The specific technologies of over-the-air broadcasting are clearly on their last legs in the developed world — I give them another decade, maybe two if the broadcasting industry succeeds in its drive to put non-broadcast radio at a competitive disadvantage (through, e.g., the “Local Radio Freedom Act”, which preserves in law the subsidy regime whereby analog broadcasters can use recorded music for free, but digital broadcasters have to pay). In the developing world, probably about twice as long, because the economics of broadcast are much more favorable there (traditional analog receivers are small, light, cheap, and battery-powered, whereas transmitters are big, heavy, expensive, and require an external power source).
All this, of course, is reason to go and see these facilities while they are still around. I almost certainly won’t get to all 14,000 — and some of them really aren’t worth getting to — but I am making an effort to see all the significant sites in all the significant markets while they are still with us.
Garrett: I like non-comm AAA and Americana formats, particularly WXPN (88.5 Philadelphia) and WNCW (88.7 Spindale) of five to ten years ago. I think a lot of the NPR news and talk programming is excellent, but it honestly doesn’t do anything for me. The best spoken-word radio station in the English-speaking world, in my view, is BBC Radio 4 — it’s everything that I wish NPR was but could never be. (What other English language radio station is still commissioning new drama?) If this were Britain, that would be making a pretty strong statement of my social class, but thankfully it isn’t, and they provide “Listen Again” worldwide for most shows, so I can get my fix of “I’m Sorry I Haven’t a Clue” or “The News Quiz” or even the Shipping Forecast at a time that fits my leftpondian schedule.

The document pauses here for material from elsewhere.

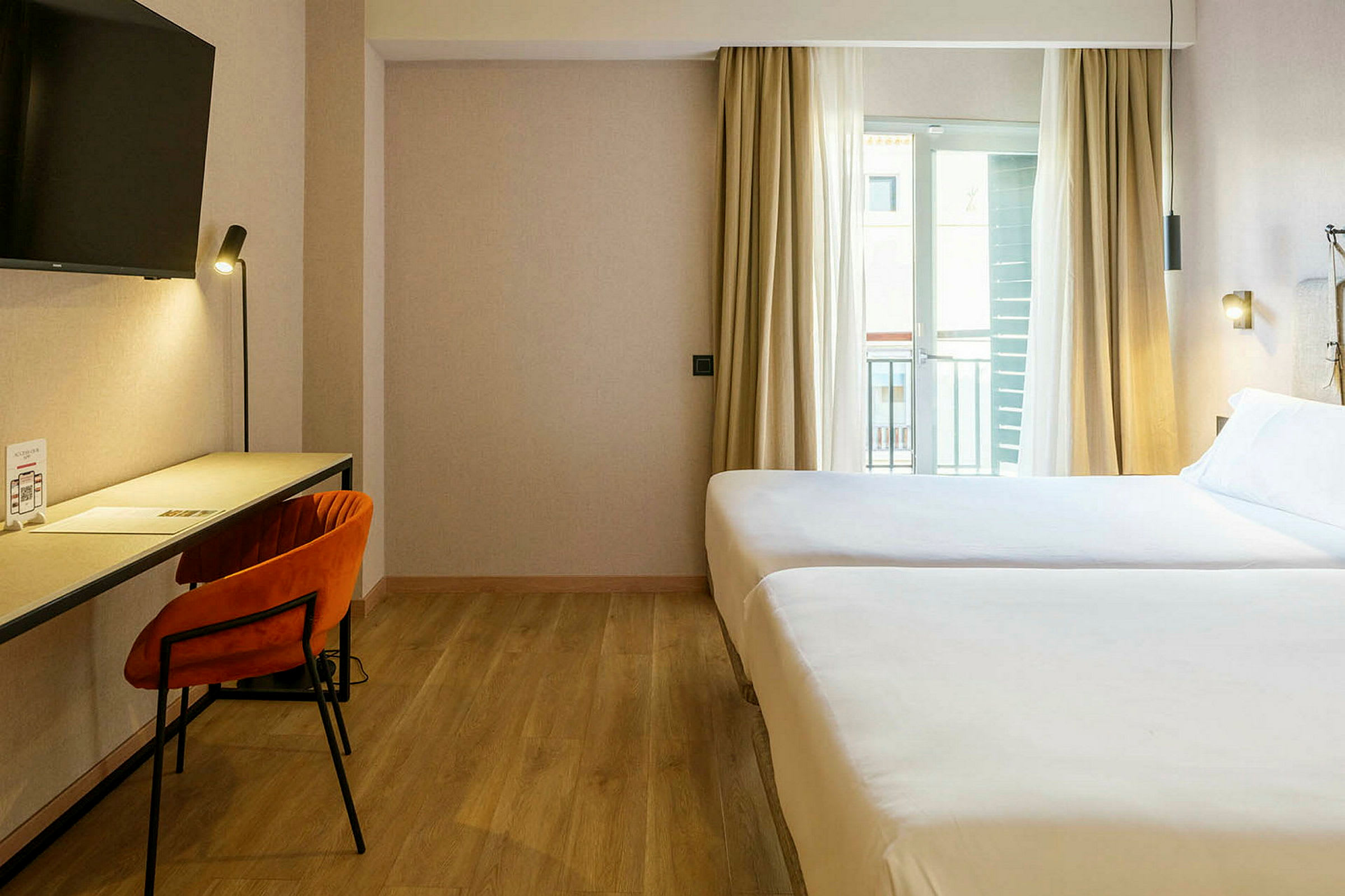 Ett hotellrum med två sängar, skrivbord och stol. (AI-genererad text)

Most of today’s music formats turn me off. If I’m stuck in a market where there’s nothing else to listen to, I may find a local Hot AC or Modern Rocker, but I’m just as likely to turn the radio off.
Garrett: Rarely. There are plenty of college stations around Boston, and some of them even do worthwhile programming at least occasionally, but they’re never dependable enough, and there are lots of other choices here in market #11. Some of the smaller college stations, and most of the high school stations, show little evidence of understanding what operating a radio station is about; if they have any listeners who aren’t actually in the studio, it would be a surprise. Many of them seem to look at it as a glorified iPod, and put little or no effort into presentation. But there are occasional gems.
I remember about 18 months ago, on the little class-D high-school station in Acton, Mass., hearing a student on the air who actually seemed to have some idea of what a jock is supposed to do; I actually sent him an email complimenting him on his presentation and suggesting that he look for colleges that have a student-run station. (Of course, he then spoiled the impression by dumping carrier without a legal ID when his shift was over — stations with limited schedules like that really ought to get hooked up with a radio reading service.)